Cynics and Southend fans argue that Layer Road coped comfortably with sub-3,000 gates last autumn, but safety rules have chipped away at the capacity year by year. The spectacular winning runs that have taken Phil Parkinson’s team to the brink of the Championship – the club have never been in the second division – only confirmed the need for a new way of doing things. Then a Sunday trip to the capital ensured no local bureaucrat would dare stand in the way.
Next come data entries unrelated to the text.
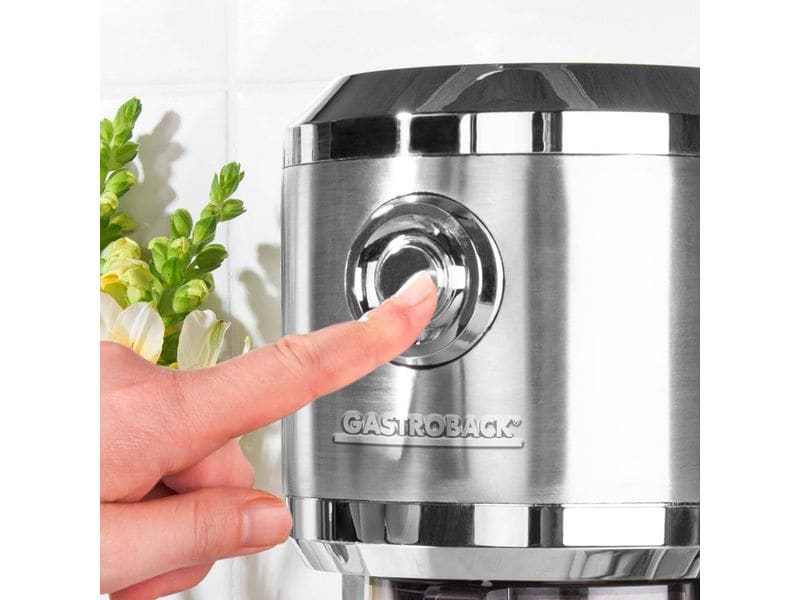 Gastroback Design Ice Shaver 0.2 l, Silber Ice Shaver aus Edelstahl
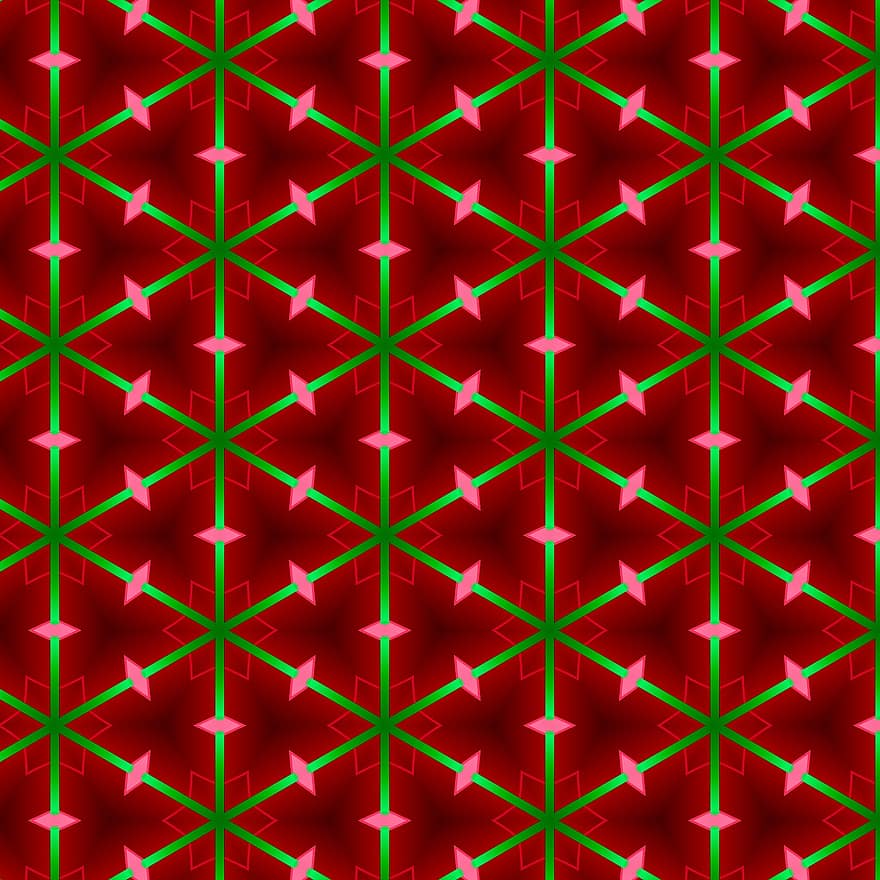 fondo texturizado, patrón de navidad, Navidad, colores, rojo, verde, azulejo, modelo, diseño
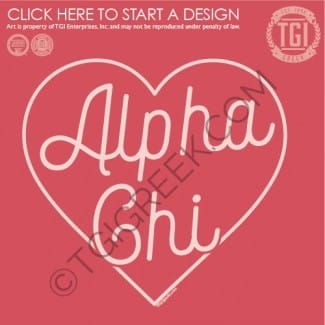 TGI-Alpha Chi Omega Curly Cue Heart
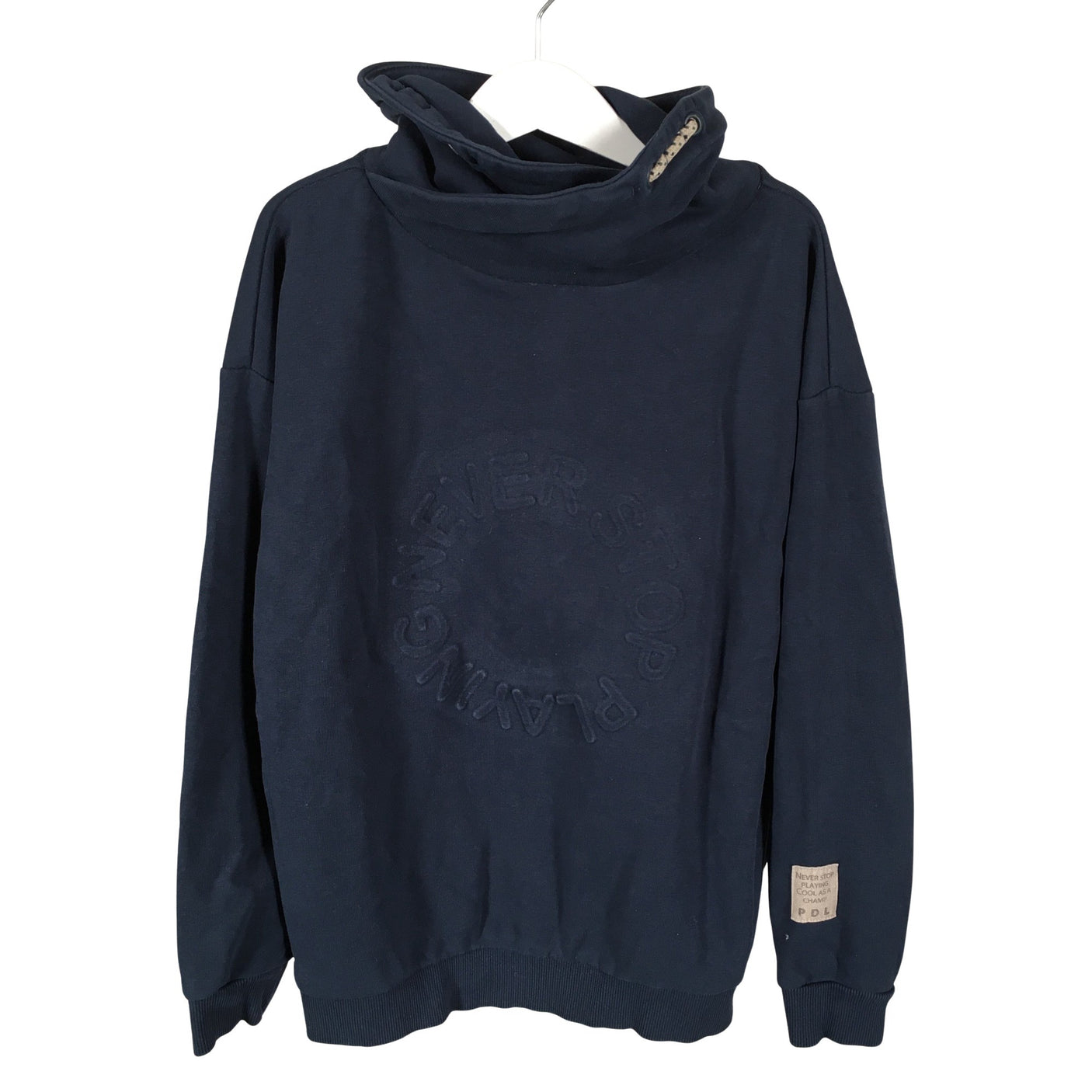 Unisex POMPdeLUX - Collegepaita, koko 134 - 140 - Sininen (1)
So it was that three days after The Biggest Game In Colchester’s History a bunch of mental-health administrators cleared the last major barrier to building a new stadium on council-owned farmland. By deciding that a derelict psychiatric hospital site can be sold for housing, a link road to the A12 will be built; because the road will be in place, a stadium can be built. At Cuckoo Farm. Credit has to be given to the borough council, which was hardly guaranteed when naive, as opposed to downright ignorant, civic leaders proclaimed that Colchester “will always have a pitch to play on” and expected fans’ fears to be eased.
A patch of grass at Layer Road was first played on by Colchester Town before the First World War, when the Liberals were in power, and sincere thanks are due to local Liberal Democrat MP Bob Russell that it’s still in use today. As council leader in 1991, Russell oversaw the purchase of Layer Road for £1 million, saving the Us from extinction near the end of the first of their two-season Conference exile. The council had sold the ground to the club in 1970, starting a tiresome pattern of ambitious redevelopment plans failing to get off the drawing board for the next decade (when Russell was still a Labour candidate, but that’s another story).
The inevitable virtual-reality model of the Colchester Community Stadium already exists and shows it with a capacity of 10,000 and options to expand to 18,000. A detailed planning application will soon be lodged and all concerned are sticking to a target opening date of August 2007, though it might be wise to check the betting patterns of north Essex construction workers before committing to a full season ticket. That still leaves next season, when it is possible Boudicca’s manor will host fortnightly invasions from places such as Leeds, Ipswich and Norwich to a ground set in a residential area with limited parking, nearly two miles from the nearest train station.
After a year of that madness, any doubters should be convinced that the Us playing on Cuckoo land is the sensible option.